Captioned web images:
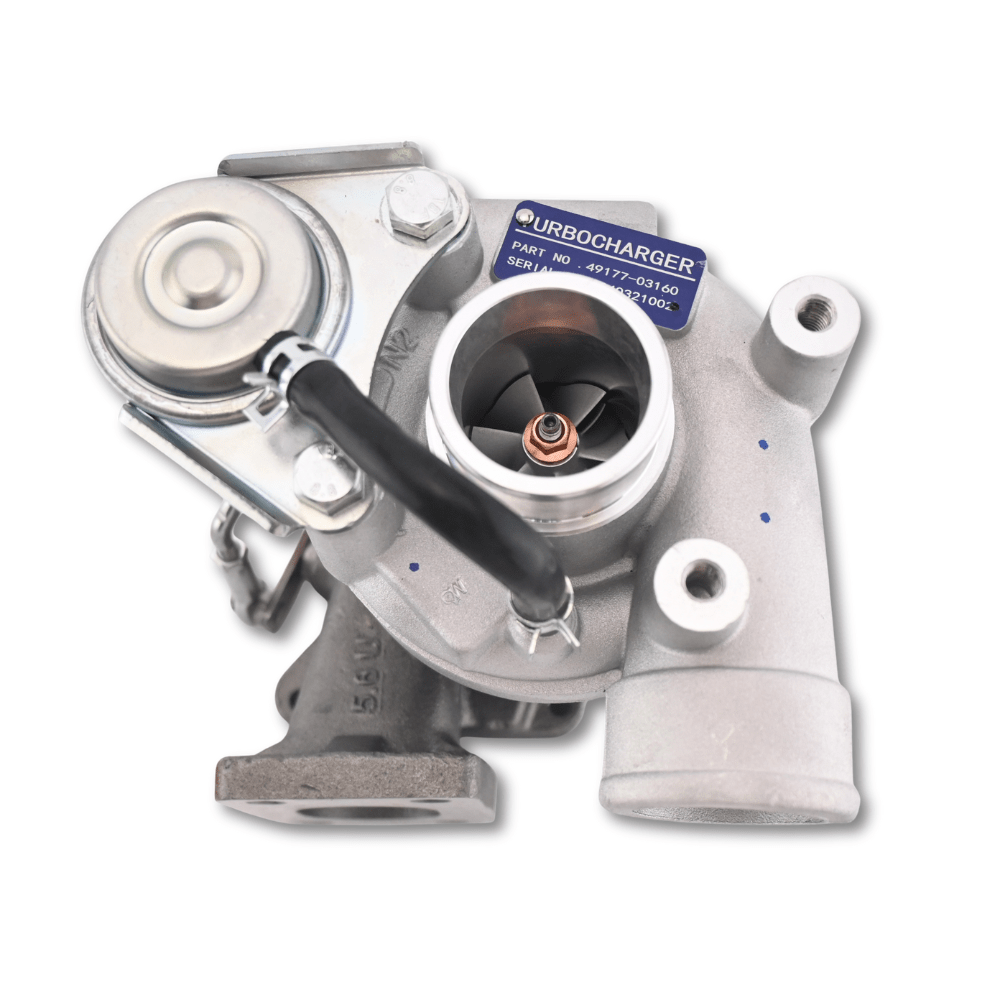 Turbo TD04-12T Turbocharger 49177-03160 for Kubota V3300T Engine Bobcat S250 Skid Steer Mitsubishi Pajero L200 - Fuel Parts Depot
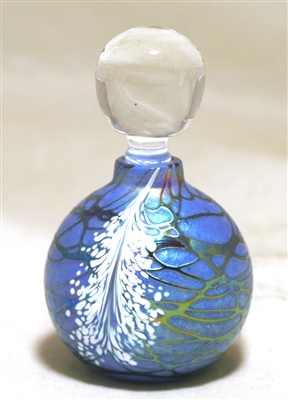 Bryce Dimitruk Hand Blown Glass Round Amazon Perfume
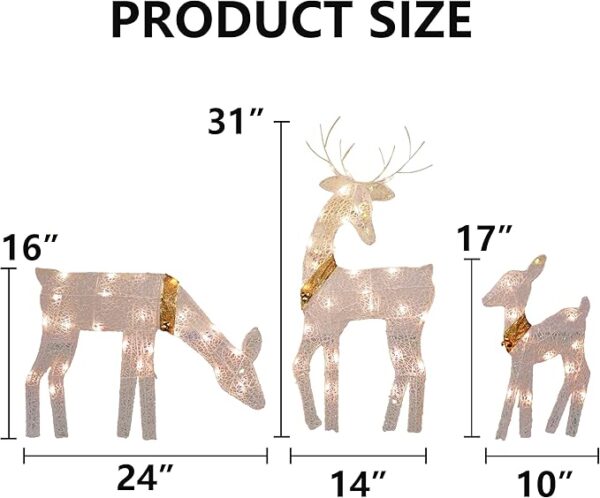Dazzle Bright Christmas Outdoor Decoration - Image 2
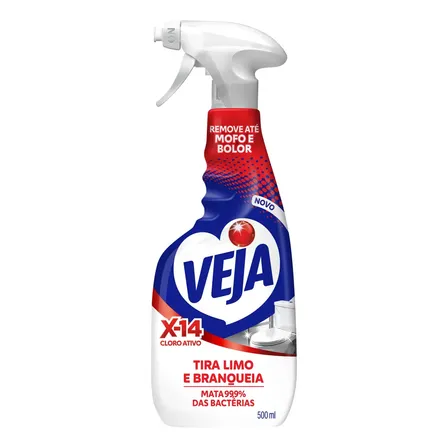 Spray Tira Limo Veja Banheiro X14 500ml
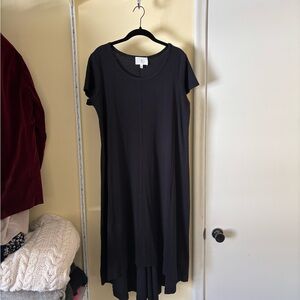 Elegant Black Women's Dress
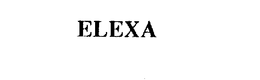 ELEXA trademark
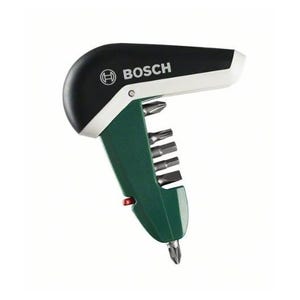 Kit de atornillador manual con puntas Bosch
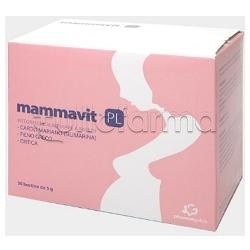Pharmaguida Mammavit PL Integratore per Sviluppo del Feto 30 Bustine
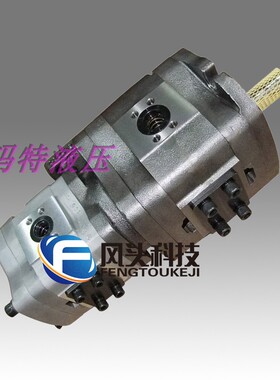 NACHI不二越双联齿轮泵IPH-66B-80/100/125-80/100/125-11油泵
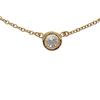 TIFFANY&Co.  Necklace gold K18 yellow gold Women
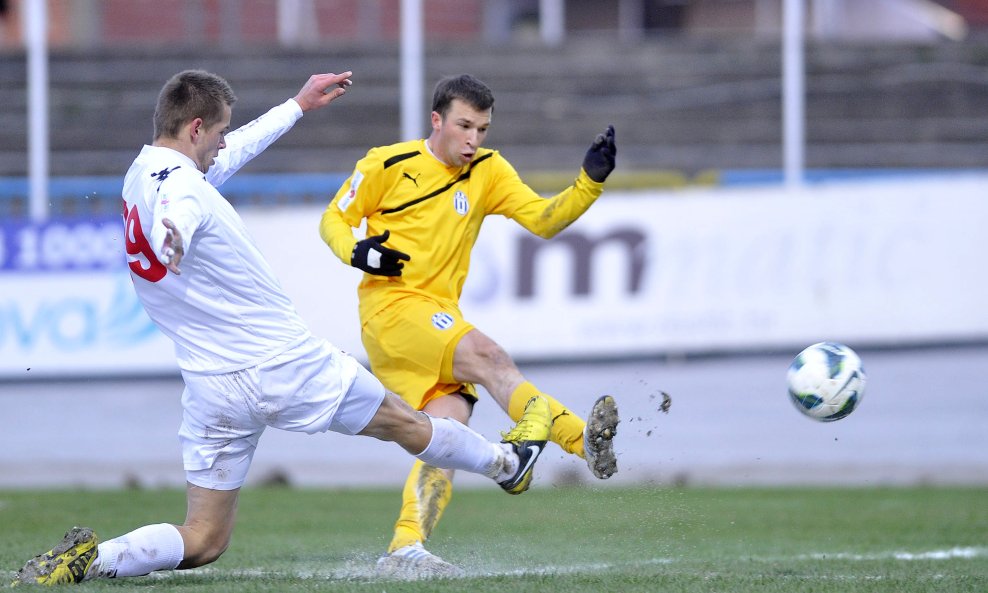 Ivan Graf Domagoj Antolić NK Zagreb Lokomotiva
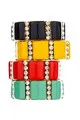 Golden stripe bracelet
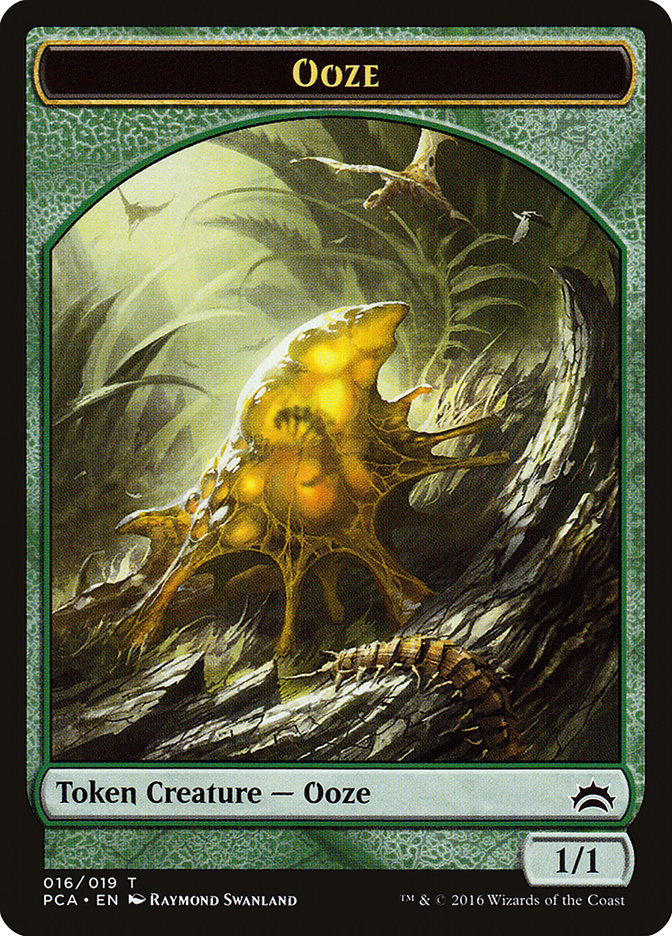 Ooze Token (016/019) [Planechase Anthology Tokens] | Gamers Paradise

== Problem details ==
Please restate the entries word for word. Skip the pictures.

== Finished exercise ==
 Turbo TD04-12T Turbocharger 49177-03160 for Kubota V3300T Engine Bobcat S250 Skid Steer Mitsubishi Pajero L200 - Fuel Parts Depot
 Bryce Dimitruk Hand Blown Glass Round Amazon Perfume
Dazzle Bright Christmas Outdoor Decoration - Image 2
 Spray Tira Limo Veja Banheiro X14 500ml
 Elegant Black Women's Dress
 ELEXA trademark
 Kit de atornillador manual con puntas Bosch
Pharmaguida Mammavit PL Integratore per Sviluppo del Feto 30 Bustine
 NACHI不二越双联齿轮泵IPH-66B-80/100/125-80/100/125-11油泵
 TIFFANY&Co.  Necklace gold K18 yellow gold Women
 Ivan Graf Domagoj Antolić NK Zagreb Lokomotiva
 Golden stripe bracelet
 Ooze Token (016/019) [Planechase Anthology Tokens] | Gamers Paradise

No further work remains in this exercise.